The Apply cash balance crediting rate (to attribution rate) check box, available for the projected unit credit cost method in the pension modes, is accessible if your accrual definition component has a cash balance accrual format (inapplicable to OPEB mode). Check the box if you wish to reflect the interest crediting rate, as well as the attribution service pay credit rate, in accrual rate proration attribution of the cash balance amount (i.e., the numerator and denominator of the accrual fraction will reflect interest credits).

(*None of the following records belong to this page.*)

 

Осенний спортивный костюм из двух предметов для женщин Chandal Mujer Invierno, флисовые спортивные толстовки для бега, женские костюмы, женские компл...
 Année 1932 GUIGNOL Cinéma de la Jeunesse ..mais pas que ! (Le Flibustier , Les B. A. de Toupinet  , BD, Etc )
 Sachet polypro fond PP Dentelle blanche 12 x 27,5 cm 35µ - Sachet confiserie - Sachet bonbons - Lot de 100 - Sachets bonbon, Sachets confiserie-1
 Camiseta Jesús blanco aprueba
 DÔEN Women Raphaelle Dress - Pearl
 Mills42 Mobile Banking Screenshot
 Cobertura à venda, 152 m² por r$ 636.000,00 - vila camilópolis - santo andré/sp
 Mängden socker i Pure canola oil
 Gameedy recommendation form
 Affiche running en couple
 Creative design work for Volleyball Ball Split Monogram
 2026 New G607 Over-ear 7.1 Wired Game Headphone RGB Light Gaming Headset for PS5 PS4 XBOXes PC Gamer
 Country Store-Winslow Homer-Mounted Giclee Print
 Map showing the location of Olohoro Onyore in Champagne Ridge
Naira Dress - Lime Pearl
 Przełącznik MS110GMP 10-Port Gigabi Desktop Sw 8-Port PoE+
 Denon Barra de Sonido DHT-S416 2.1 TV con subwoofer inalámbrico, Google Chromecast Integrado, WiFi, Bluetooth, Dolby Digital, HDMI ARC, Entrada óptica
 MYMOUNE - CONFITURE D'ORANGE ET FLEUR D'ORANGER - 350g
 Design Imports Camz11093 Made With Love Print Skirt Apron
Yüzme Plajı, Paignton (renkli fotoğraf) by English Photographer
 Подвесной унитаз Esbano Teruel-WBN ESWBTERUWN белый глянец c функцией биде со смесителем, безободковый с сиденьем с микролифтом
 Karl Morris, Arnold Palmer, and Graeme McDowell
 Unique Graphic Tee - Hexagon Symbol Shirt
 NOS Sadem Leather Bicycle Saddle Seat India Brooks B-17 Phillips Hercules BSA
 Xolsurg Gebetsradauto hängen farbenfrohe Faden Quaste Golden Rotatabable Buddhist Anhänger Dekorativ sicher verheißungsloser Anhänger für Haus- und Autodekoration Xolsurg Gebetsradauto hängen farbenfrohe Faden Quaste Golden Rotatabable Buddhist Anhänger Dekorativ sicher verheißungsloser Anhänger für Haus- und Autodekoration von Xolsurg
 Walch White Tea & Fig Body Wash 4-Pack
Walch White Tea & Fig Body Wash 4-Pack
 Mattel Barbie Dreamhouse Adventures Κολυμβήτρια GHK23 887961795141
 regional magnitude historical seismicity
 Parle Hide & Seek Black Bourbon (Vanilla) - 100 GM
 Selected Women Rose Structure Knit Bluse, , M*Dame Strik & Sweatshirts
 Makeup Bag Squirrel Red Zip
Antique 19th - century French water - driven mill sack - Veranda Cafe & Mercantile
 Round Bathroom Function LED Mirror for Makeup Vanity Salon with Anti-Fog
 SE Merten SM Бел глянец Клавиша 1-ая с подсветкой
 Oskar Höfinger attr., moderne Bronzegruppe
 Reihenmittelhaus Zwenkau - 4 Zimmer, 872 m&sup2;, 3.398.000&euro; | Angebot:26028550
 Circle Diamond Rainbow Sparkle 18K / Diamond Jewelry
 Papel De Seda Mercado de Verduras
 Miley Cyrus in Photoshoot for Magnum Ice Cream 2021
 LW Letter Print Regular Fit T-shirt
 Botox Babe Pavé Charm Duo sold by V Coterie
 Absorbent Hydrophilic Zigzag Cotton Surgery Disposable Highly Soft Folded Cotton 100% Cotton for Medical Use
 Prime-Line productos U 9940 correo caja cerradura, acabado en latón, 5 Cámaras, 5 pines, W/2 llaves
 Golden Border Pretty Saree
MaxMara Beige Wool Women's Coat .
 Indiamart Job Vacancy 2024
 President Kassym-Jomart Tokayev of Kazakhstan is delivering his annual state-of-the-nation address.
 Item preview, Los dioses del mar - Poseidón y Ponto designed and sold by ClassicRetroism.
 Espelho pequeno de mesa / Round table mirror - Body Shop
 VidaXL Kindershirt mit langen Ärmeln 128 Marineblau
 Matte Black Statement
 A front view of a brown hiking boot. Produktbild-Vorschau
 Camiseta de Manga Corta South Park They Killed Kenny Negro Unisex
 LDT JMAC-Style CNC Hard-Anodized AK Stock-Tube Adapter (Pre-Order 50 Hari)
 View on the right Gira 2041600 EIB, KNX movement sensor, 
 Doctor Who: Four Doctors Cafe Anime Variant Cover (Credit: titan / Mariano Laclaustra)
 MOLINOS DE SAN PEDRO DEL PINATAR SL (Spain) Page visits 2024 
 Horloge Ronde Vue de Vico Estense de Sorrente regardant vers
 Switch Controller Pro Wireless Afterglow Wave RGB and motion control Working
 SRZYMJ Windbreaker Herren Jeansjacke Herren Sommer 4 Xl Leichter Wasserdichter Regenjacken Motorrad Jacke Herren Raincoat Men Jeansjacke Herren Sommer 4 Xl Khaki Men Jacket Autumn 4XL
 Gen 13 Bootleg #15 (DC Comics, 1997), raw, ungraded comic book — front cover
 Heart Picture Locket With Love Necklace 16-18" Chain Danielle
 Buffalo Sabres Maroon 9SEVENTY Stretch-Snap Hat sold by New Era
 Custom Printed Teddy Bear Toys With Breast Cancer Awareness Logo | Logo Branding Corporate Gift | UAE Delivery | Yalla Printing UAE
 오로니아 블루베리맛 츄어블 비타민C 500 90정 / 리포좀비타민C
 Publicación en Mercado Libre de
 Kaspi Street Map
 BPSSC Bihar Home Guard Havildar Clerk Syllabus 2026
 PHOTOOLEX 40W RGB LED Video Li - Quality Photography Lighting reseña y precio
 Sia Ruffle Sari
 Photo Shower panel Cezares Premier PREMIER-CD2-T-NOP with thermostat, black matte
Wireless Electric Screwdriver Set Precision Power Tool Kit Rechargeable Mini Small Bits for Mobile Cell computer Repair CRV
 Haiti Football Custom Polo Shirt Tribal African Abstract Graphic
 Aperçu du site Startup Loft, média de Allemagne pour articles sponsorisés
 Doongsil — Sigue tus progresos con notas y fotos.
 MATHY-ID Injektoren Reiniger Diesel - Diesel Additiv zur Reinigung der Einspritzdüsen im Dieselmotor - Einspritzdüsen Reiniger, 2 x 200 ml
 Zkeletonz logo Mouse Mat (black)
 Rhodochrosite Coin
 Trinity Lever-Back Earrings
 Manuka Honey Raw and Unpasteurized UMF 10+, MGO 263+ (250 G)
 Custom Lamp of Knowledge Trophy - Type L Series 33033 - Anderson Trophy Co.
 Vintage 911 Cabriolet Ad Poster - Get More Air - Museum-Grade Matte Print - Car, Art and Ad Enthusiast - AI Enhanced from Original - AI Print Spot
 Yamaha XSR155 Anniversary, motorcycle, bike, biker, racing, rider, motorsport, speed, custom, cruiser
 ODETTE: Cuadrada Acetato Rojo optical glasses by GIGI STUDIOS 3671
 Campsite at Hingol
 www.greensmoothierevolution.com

The Attribution service based on parameter defines service for purposes of attribution and therefore determines when the attribution period commences. If custom rates vary by “years of service”, the Attribution service based on parameter also defines the service breakpoints, i.e., when the attribution rates change; if custom rates vary by points, this parameter similarly defines the service added to the age to obtain the points. This parameter may refer to a date from which to measure service or to the amount of service completed as of the valuation date. This service is then accumulated when ProVal calculates the attributed benefit. Typically, this parameter references a database Field that refers to either current service or a service start date. Select the desired field from among the numeric and date fields unhidden in the current Project. Alternatively, if you need fractional service attribution (e.g., hours-related service) or rounding (e.g., completed years), select from the library of Service Definitions. The image/backdoor_button.gif button accesses the library to create and modify Service Definitions.

 

Notes regarding accrual rate proration attribution:

As mentioned at the beginning of this article, the methodology of accrual rate proration attribution, when custom attribution rates are used, is described briefly below. For more detail, see our Technical Reference article entitled PUC and UC attribution.

Projected Unit Credit (PUC)

The benefit formula component (BFT) with accumulated accrual rates (RATES) will be attributed as follows, in the absence of custom attribution rates, to derive PUC liabilities:

pucBFT[r] = BFT[r] * (RATES[x] / RATES[r])

where x is the age at the valuation date and r is the age at decrement.

If you click the Attribution button, you can substitute separate attribution rates for PUC. The revised equation becomes:

pucBFT[r] = BFT[r] * (pucRATES[x] / pucRATES[r])

For a cash balance component, BFT[r], of course, includes interest credits to decrement age r. pucRATES[x] and pucRATES[r] may include interest credits to decrement age r at your option. To reflect interest credits in the proration fraction’s numerator and denominator, check the Apply cash balance crediting rate (to attribution rate) box.

Unit Credit (UC)

Separate attribution rates generally are not needed to derive unit credit liabilities. If custom attribution rates are not defined, accrual rate proration will attribute BFT as indicated in the Technical Reference article, yielding:

ucBFT[r] = BFT[x]

For a cash balance component, BFT[x] will include interest to decrement age r.

However, if you

  1. have separate attribution rates for PUC and

  2. want UC liabilities to equal PUC liabilities without projected salary (i.e., without projected BASIS),

click the Attribution button and specify separate attribution rates for UC (presumably equal to the attribution rates for PUC). The modified formula becomes, as indicated in the Technical Reference article:

ucBFT[r] = BFT[x] * (ucRATES[x] / ucRATES[r]) / (RATES[x] / RATES[r]).

To see how this works, consider a component with a final average accrual format. We know that BFT[age] = RATES[age] * BASIS[age], so this equation reduces to:

ucBFT[r] = (RATES[x] * BASIS[x]) * (ucRATES[x] / ucRATES[r]) / (RATES[x] / RATES[r])

 = (RATES[r] * BASIS[x]) * (ucRATES[x] / ucRATES[r])

 = (RATES[r] * BASIS[x]) * (pucRATES[x] / pucRATES[r]).

The PUC formula reduces to:

pucBFT[r] = BFT[r] * (pucRATES[x] / pucRATES[r])

 = (RATES[r] * BASIS[r]) * (pucRATES[x] / pucRATES[r])

Comparing the two formulas, we see that UC uses BASIS[x] and PUC uses BASIS[r]. That is, they are the same except for the BASIS projection, which is what we wanted.